_WHAT NEEDS TO BE DONE_: Beneath this task are the entries; from the line with "Wall Clock, Chemistry" through the last one, transcribe every line exactly and nothing else, skipping pictures.

────────────────────────────────────────

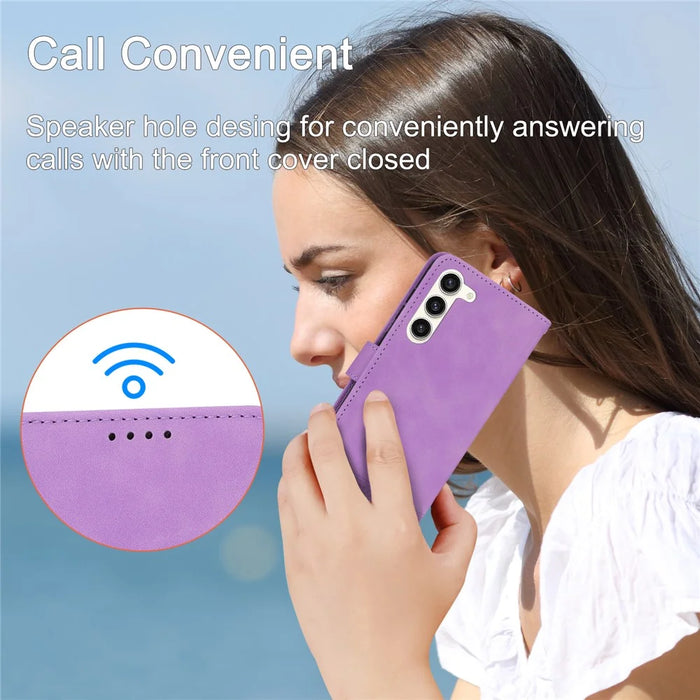 DIERFENG DF-03 Wallet Phone Cover for Samsung Galaxy S23+, Lines Imprinted PU Leather Stand Protective Case - Purple - 5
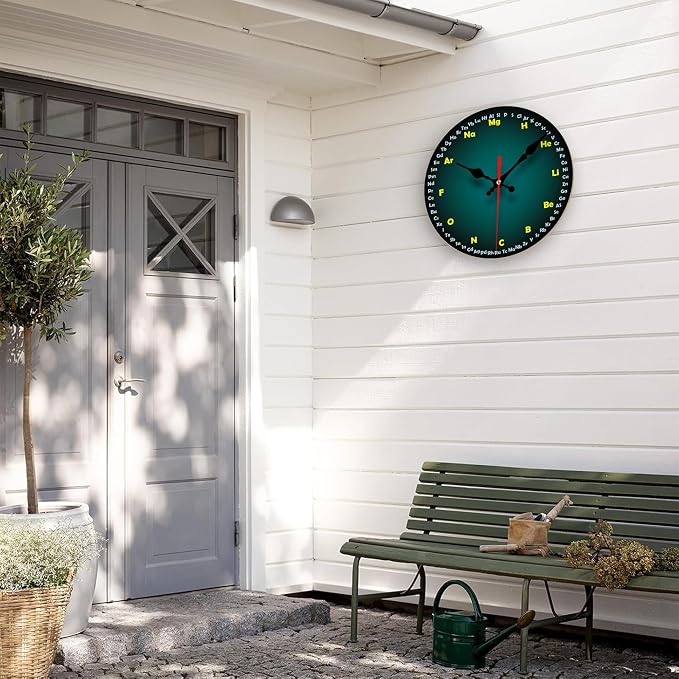 Wall Clock, Chemistry Silent Non Ticking Battery Operated Round Decorative Indoor Outdoor Clocks for Living Room Kitchen Bedroom Bathroom Patio 12"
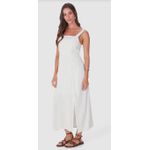 Vestido Midi Feminino Acinturado Fenda Frontal Em Viscolinho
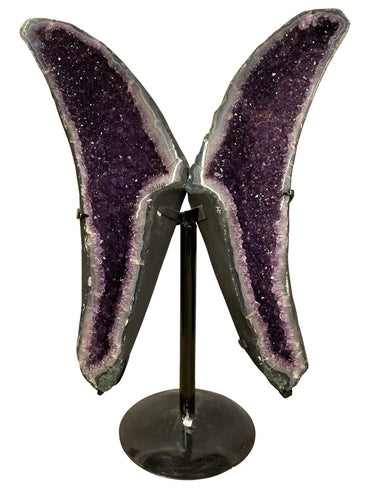Large Amethyst Butterfly With Metal Stand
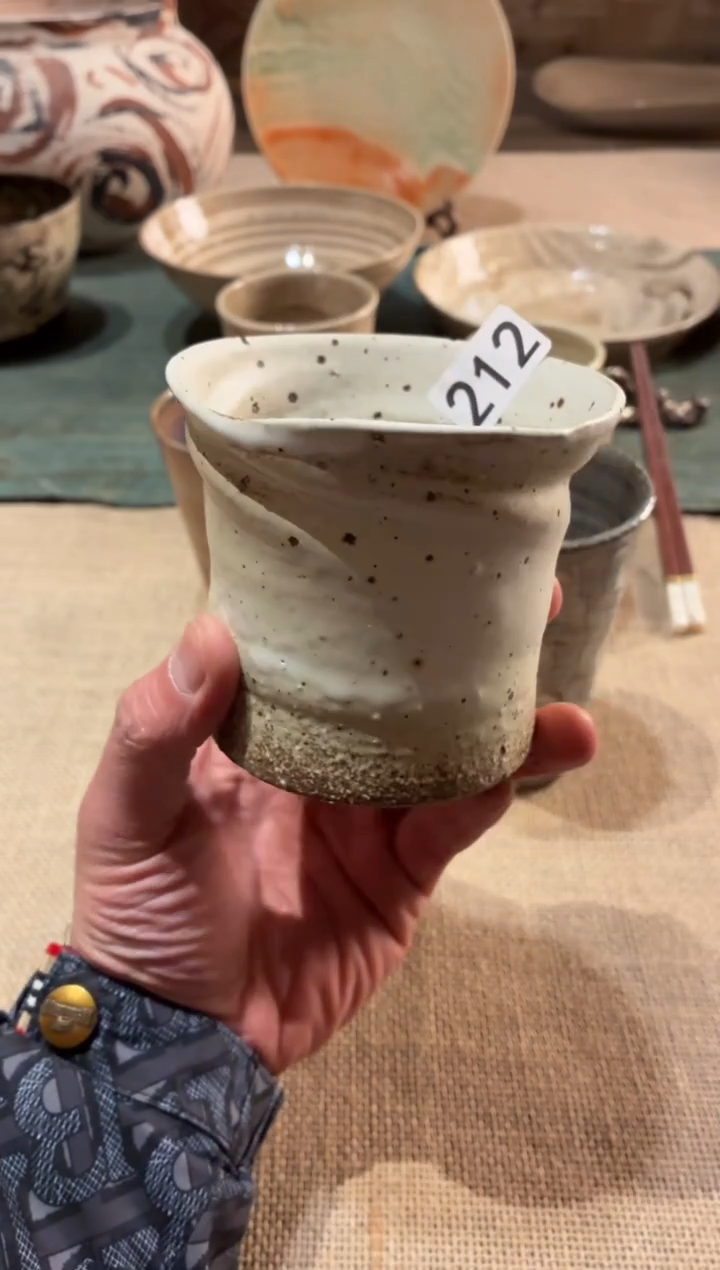 瓷片3****3212裸烧白棕螺纹杯1个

────────────────────────────────────────

_RESULT OF THE TASK_:
 Wall Clock, Chemistry Silent Non Ticking Battery Operated Round Decorative Indoor Outdoor Clocks for Living Room Kitchen Bedroom Bathroom Patio 12"
 Vestido Midi Feminino Acinturado Fenda Frontal Em Viscolinho
Large Amethyst Butterfly With Metal Stand
 瓷片3****3212裸烧白棕螺纹杯1个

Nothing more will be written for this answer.